* _What you need to do_: Among the entries that follow, the required portion opens with the line containing "Cards with watercolor" and closes with the line containing "MIMOSA Navy Bengaluru". Give that portion again exactly, and nothing else.

* _Data provided_:
* * *
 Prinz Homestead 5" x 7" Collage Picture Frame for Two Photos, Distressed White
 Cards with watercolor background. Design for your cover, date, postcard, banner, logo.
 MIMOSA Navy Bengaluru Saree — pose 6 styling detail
* * *
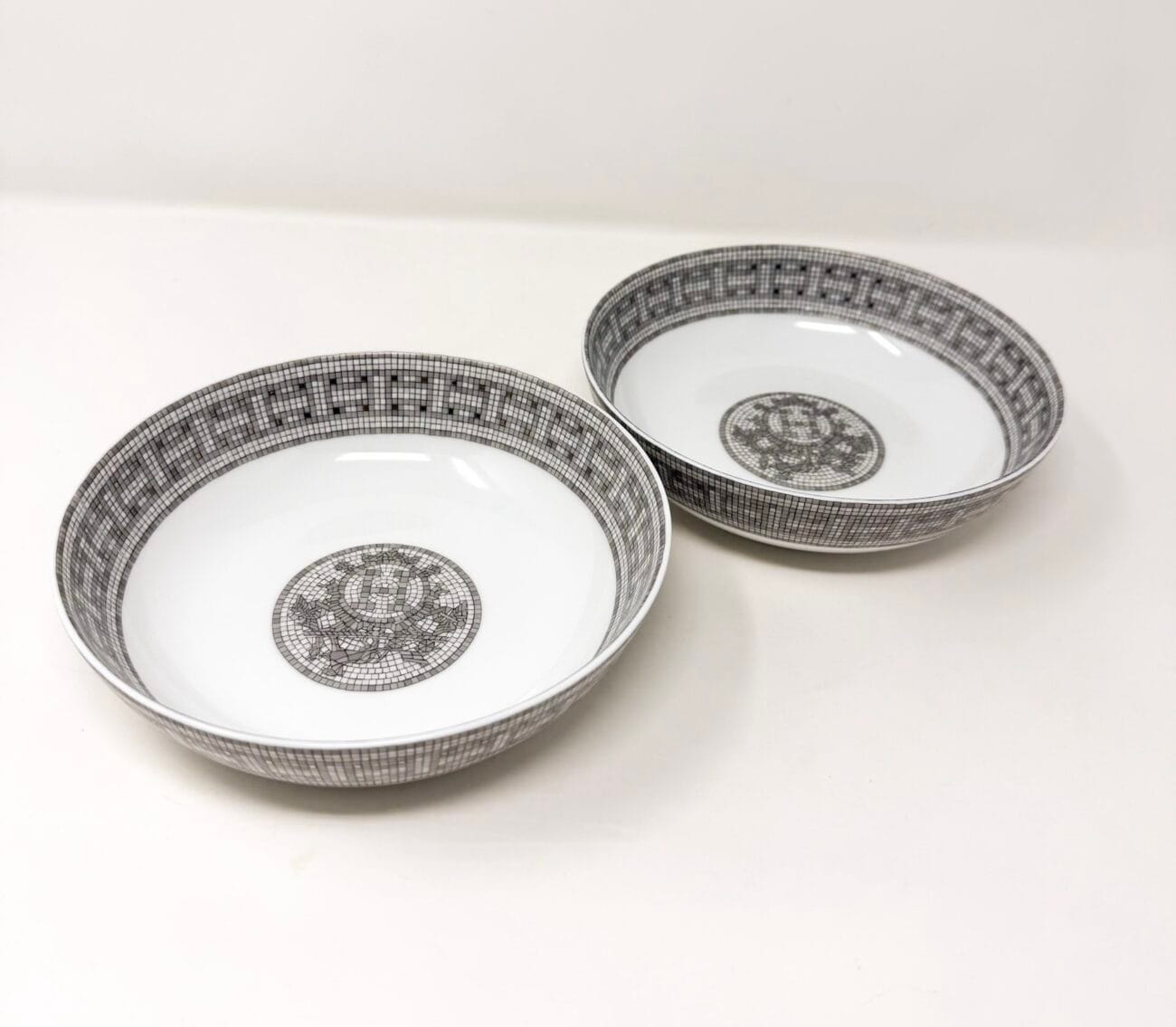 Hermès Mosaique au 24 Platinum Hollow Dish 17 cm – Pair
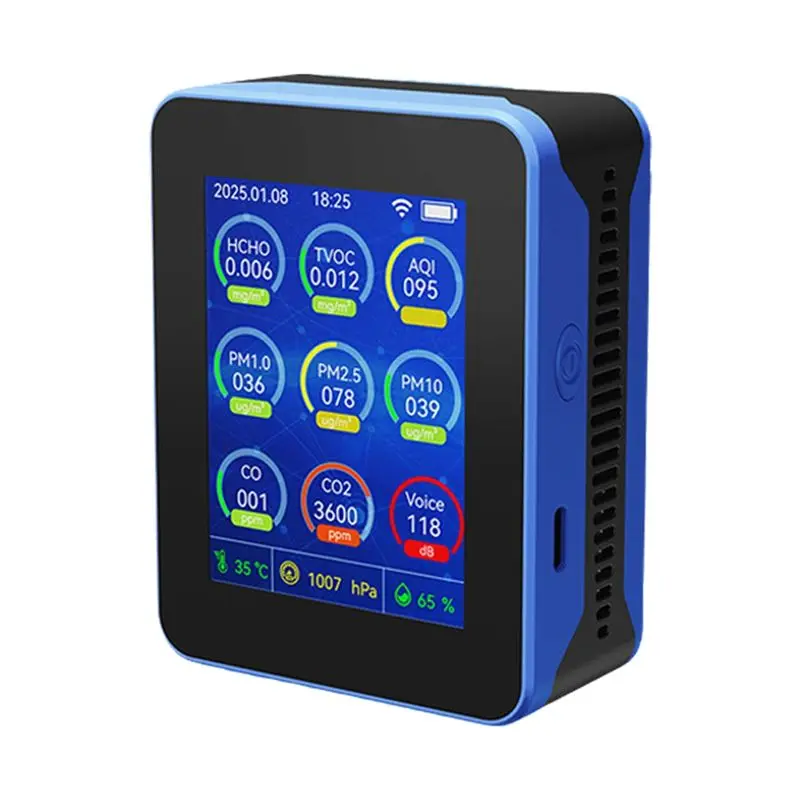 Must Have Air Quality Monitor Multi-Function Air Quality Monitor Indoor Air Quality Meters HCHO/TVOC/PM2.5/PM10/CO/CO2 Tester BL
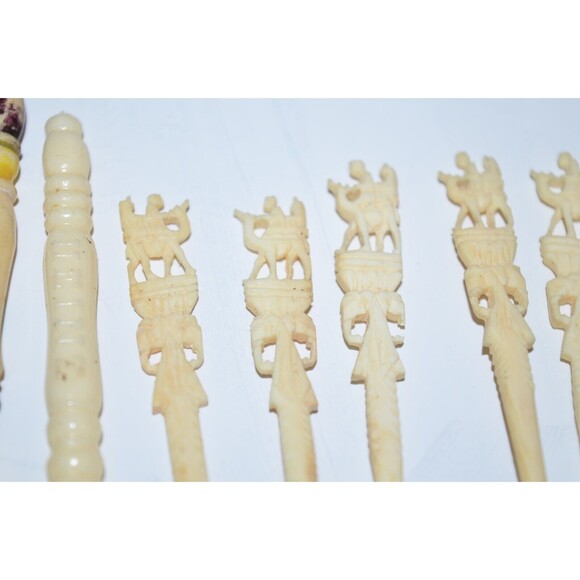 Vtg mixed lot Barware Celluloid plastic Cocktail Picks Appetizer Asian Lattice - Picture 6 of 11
* * *
* _Result_:
 Cards with watercolor background. Design for your cover, date, postcard, banner, logo.
 MIMOSA Navy Bengaluru Saree — pose 6 styling detail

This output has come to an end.